**DIRECTIONS FOR THIS TASK**
Leaving out each picture, transcribe the lines of the listing below exactly from the first through the line that contains "Immigrants from Kazakhstan".

**EXTRACTED MATERIAL**
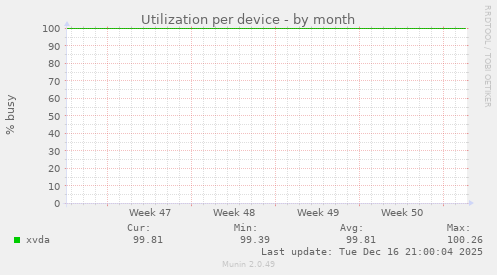 Utilization per device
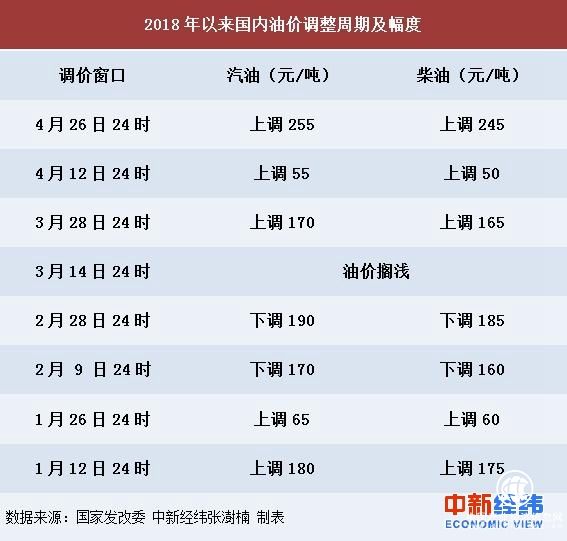 油价连涨 四连涨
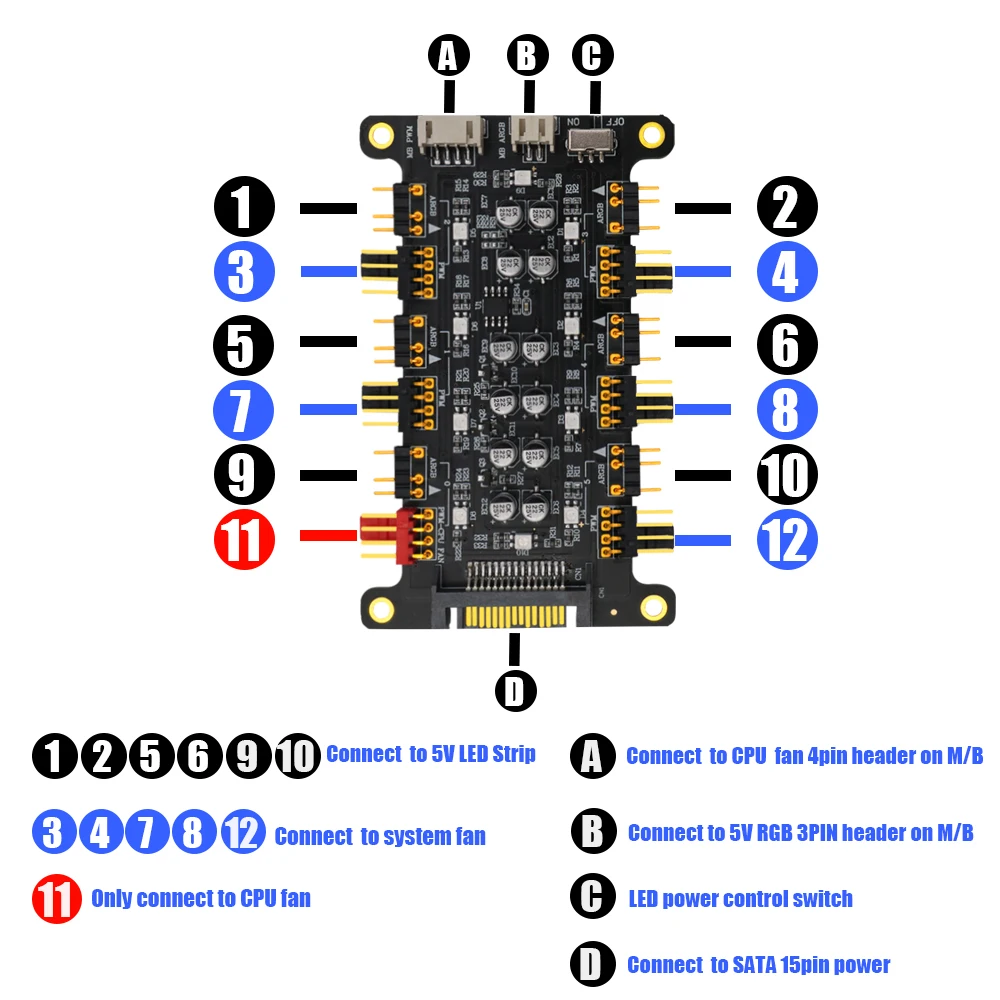 TISHRIC 2 в 1 6-канальный 5 В/12 В ARGB + 12 PWM DC вентилятор Hub с акриловым чехлом для ASUS/MSI 3Pin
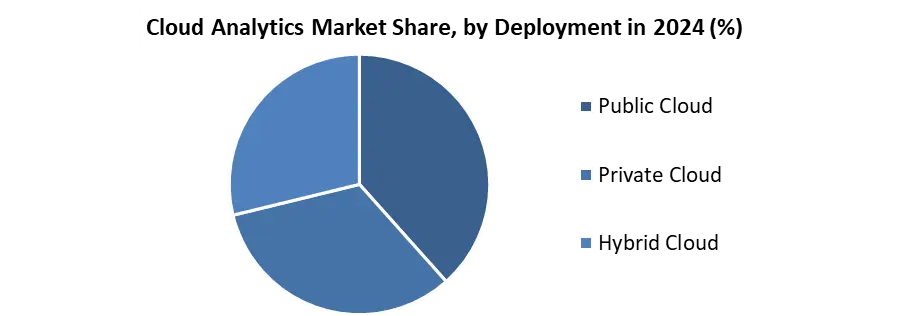 Cloud Analytics Market share by Deployment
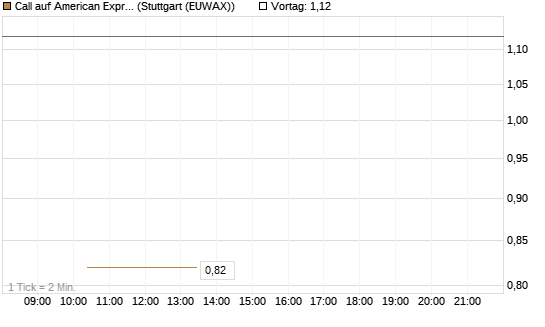 Call auf American Express [J.P. Morgan Structured Products B.V.] Chart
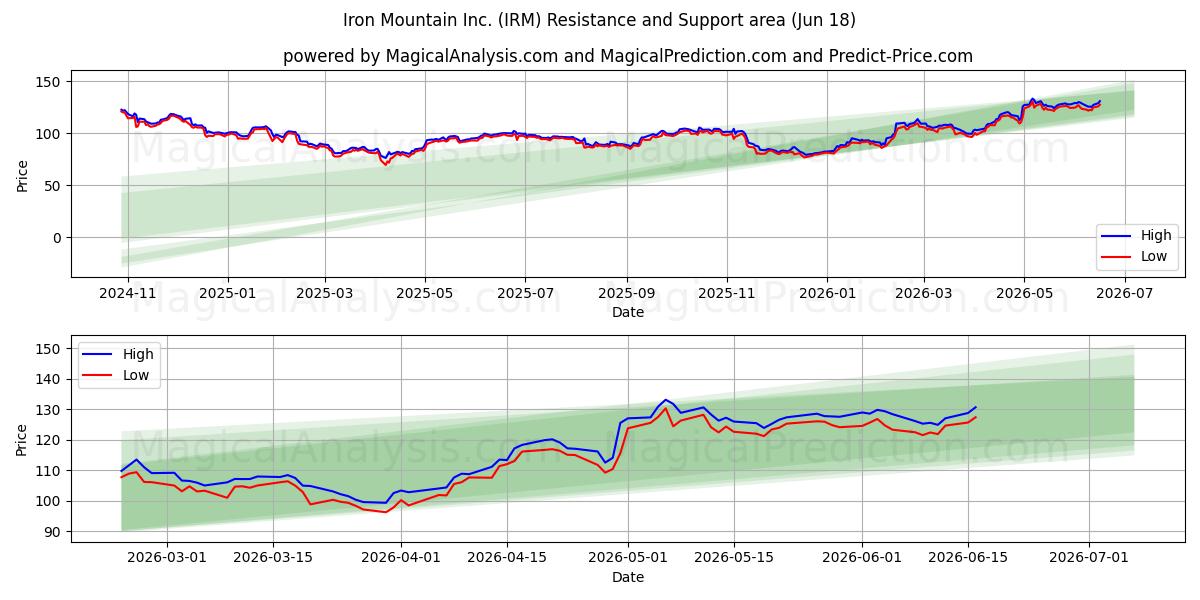  Iron Mountain Inc. (IRM) Support and Resistance area (17 Jun) 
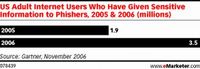 Tabela 5: Ilość internautów w USA, którzy podali swoje dane osobiste phisherom w latach 2005 i 2006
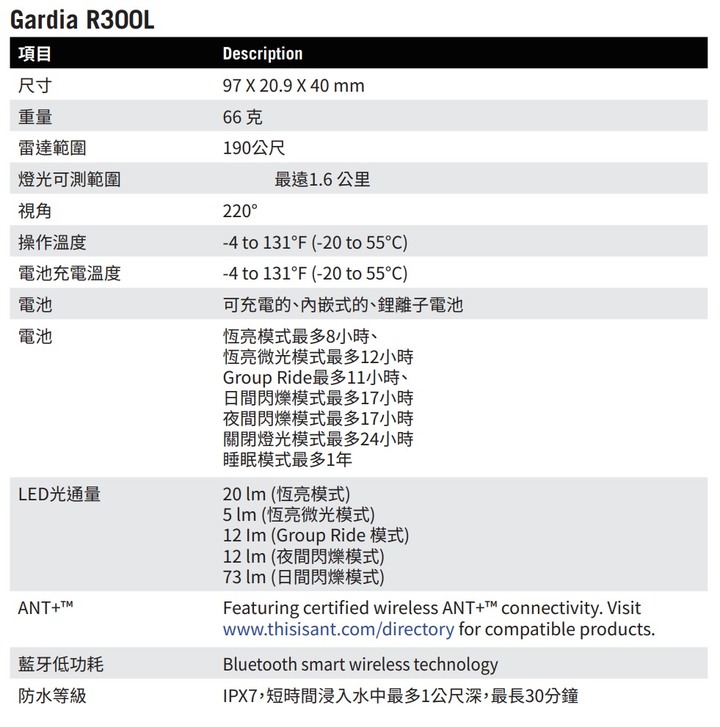 【開箱】Bryton Rider 750 SE + Gardia R300L 智慧雷達尾燈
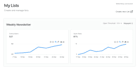 develop nodejs nextjs svelte micro saas web app with seo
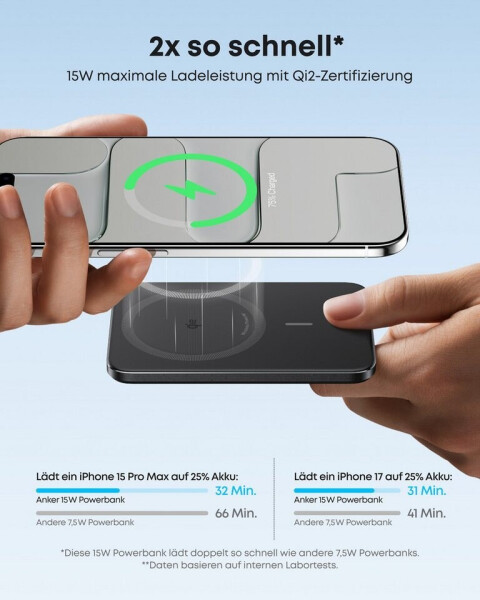 Anker Nano Powerbank (5K, Magnetisch, Slim) Schwarz, Bild 4
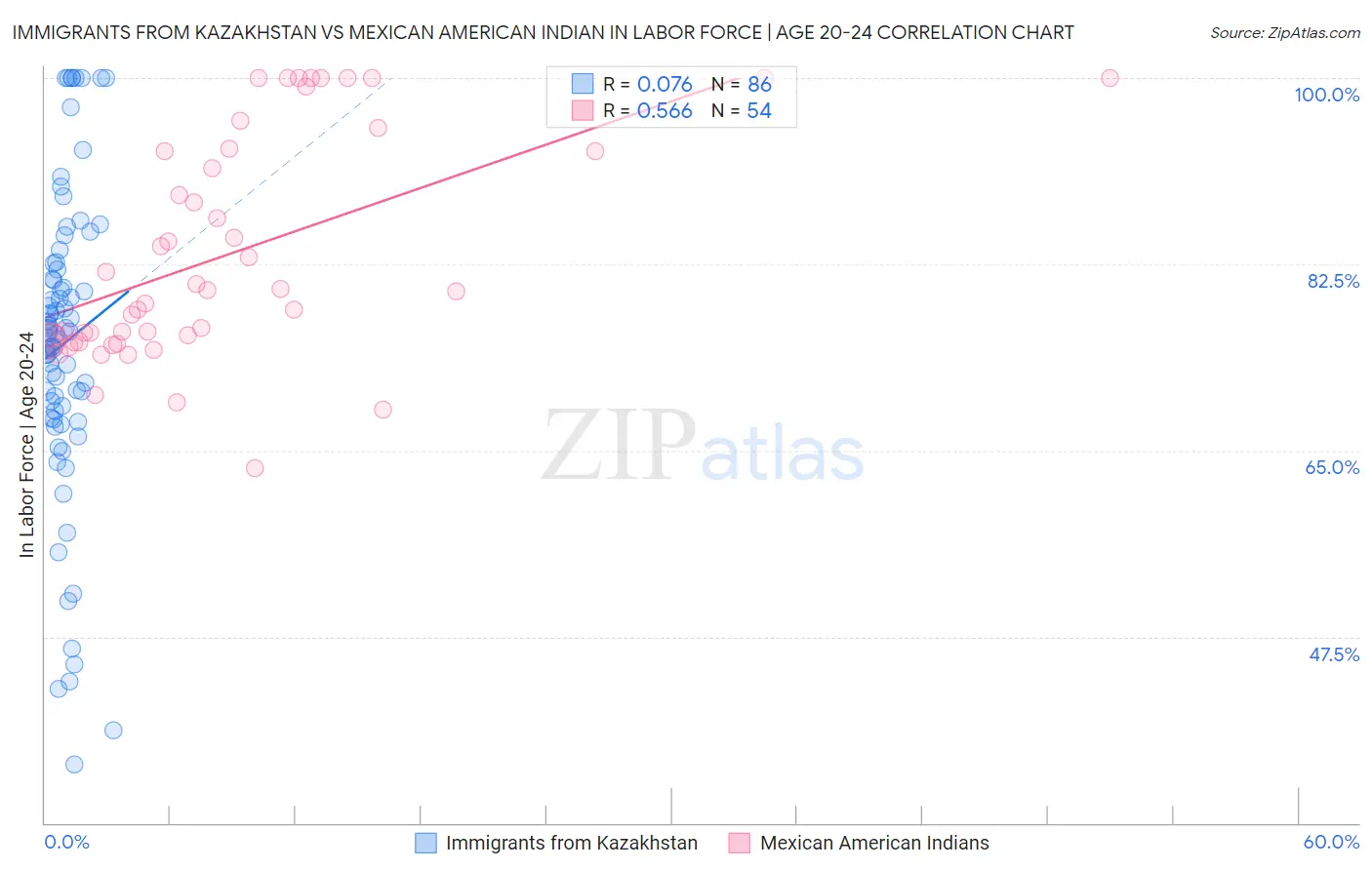 Immigrants from Kazakhstan vs Mexican American Indian In Labor Force | Age 20-24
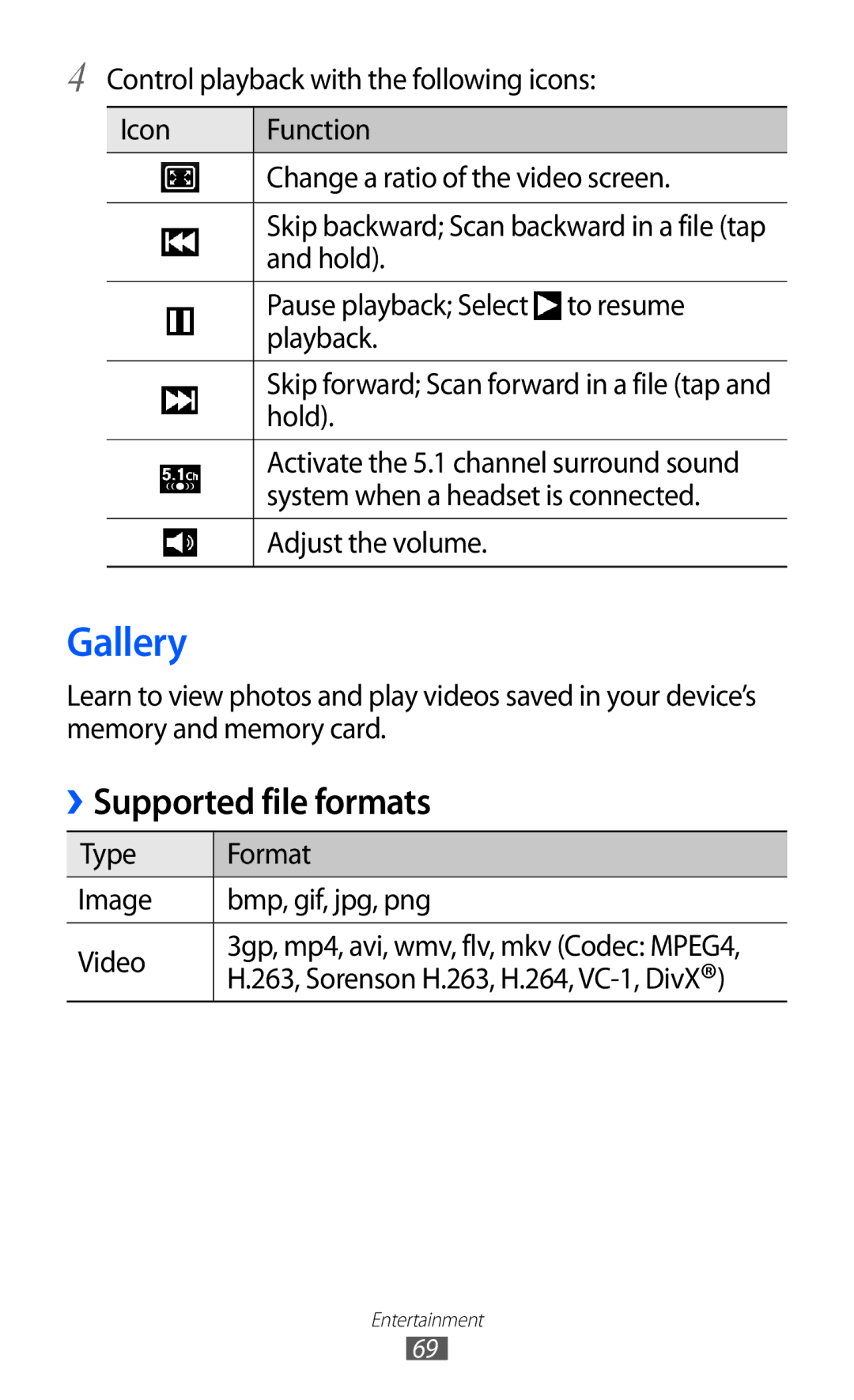 Samsung GT-I9100RWGXEZ, GT-I9100LKGDBT, GT-I9100RWGDBT, GT-I9100LKGXEF, GT-I9100RWGXEF manual Gallery, Supported file formats 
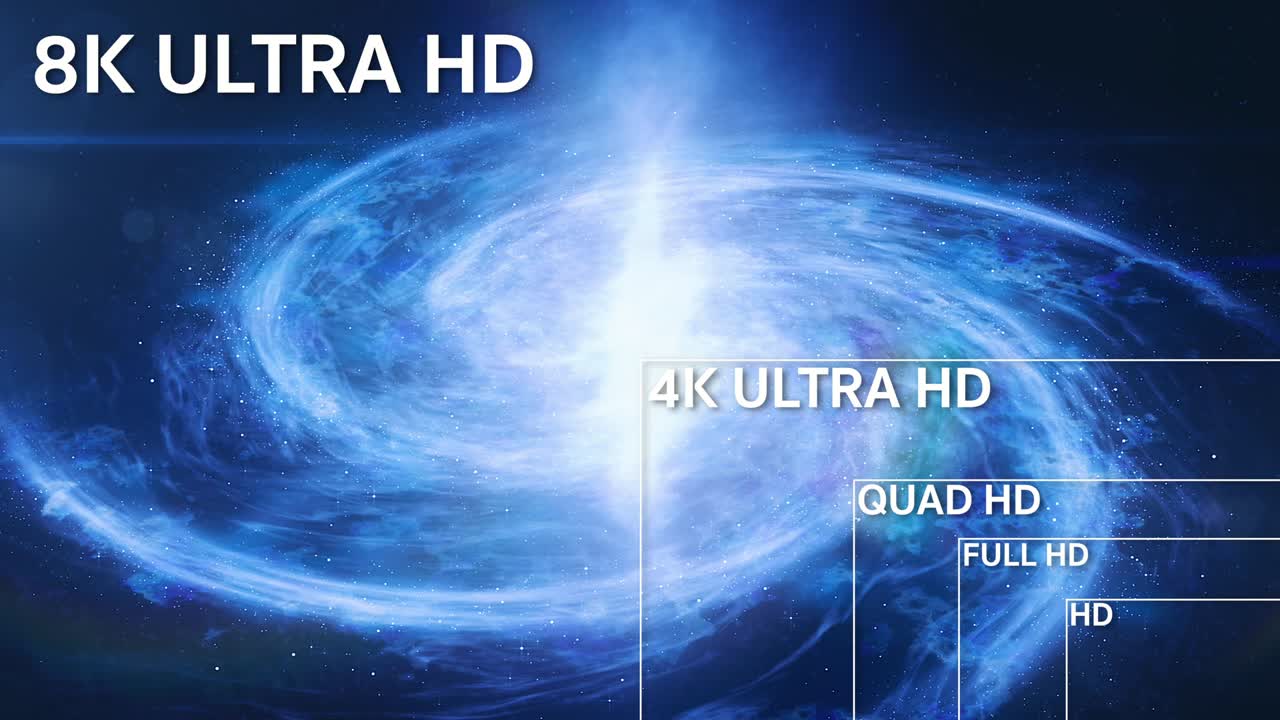 8k, 4k, full hd, tamaño de resolución estándar de la televisión hd
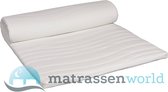 Traagschuim Nasa Visco Topdekmatras 180x200  dik 7cm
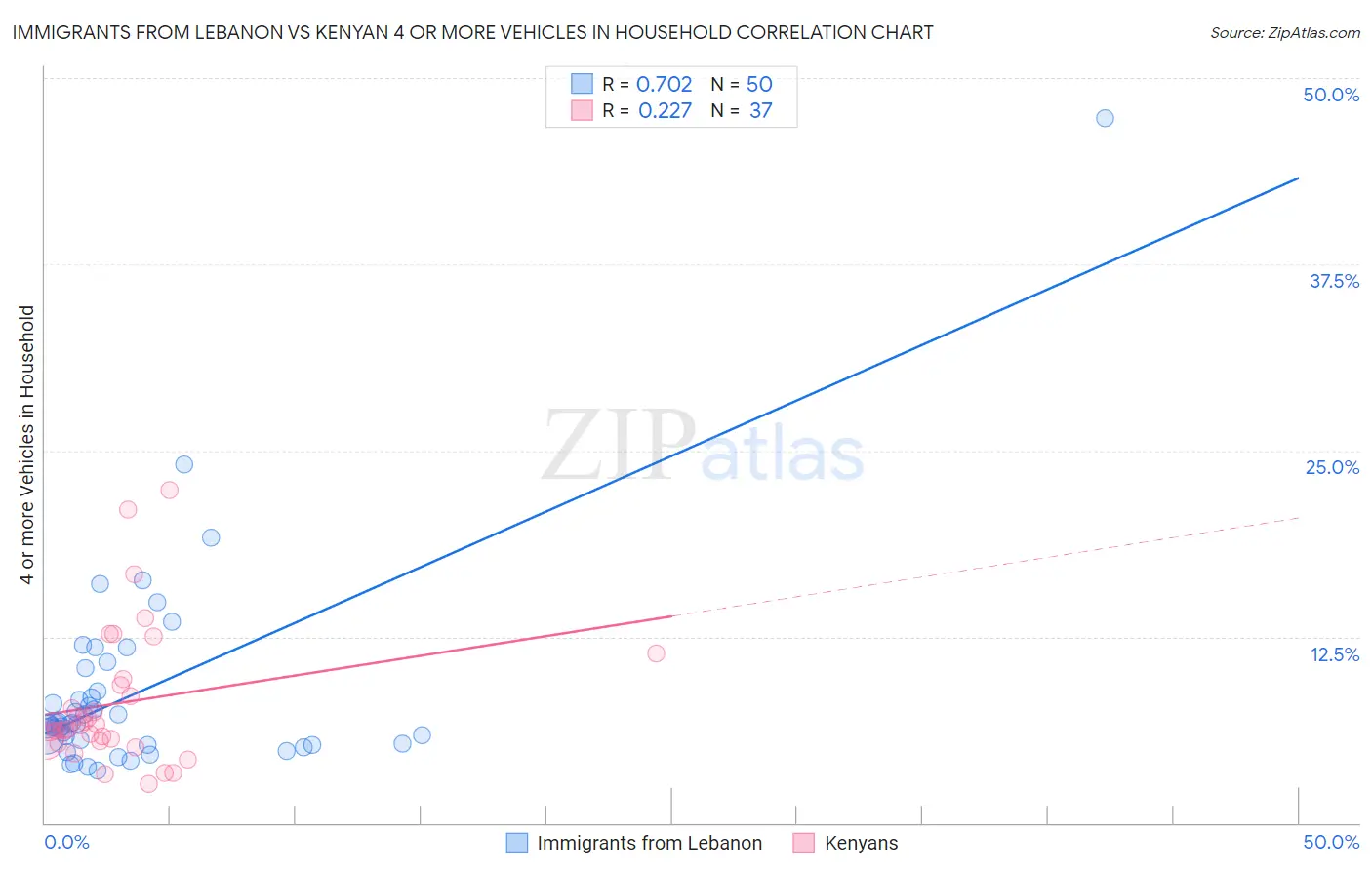 Immigrants from Lebanon vs Kenyan 4 or more Vehicles in Household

**RESPONSE TO THIS EXERCISE**
 Utilization per device
 油价连涨 四连涨
 TISHRIC 2 в 1 6-канальный 5 В/12 В ARGB + 12 PWM DC вентилятор Hub с акриловым чехлом для ASUS/MSI 3Pin
 Cloud Analytics Market share by Deployment
 Call auf American Express [J.P. Morgan Structured Products B.V.] Chart
  Iron Mountain Inc. (IRM) Support and Resistance area (17 Jun) 
 Tabela 5: Ilość internautów w USA, którzy podali swoje dane osobiste phisherom w latach 2005 i 2006
 【開箱】Bryton Rider 750 SE + Gardia R300L 智慧雷達尾燈
 develop nodejs nextjs svelte micro saas web app with seo
 Anker Nano Powerbank (5K, Magnetisch, Slim) Schwarz, Bild 4
 Immigrants from Kazakhstan vs Mexican American Indian In Labor Force | Age 20-24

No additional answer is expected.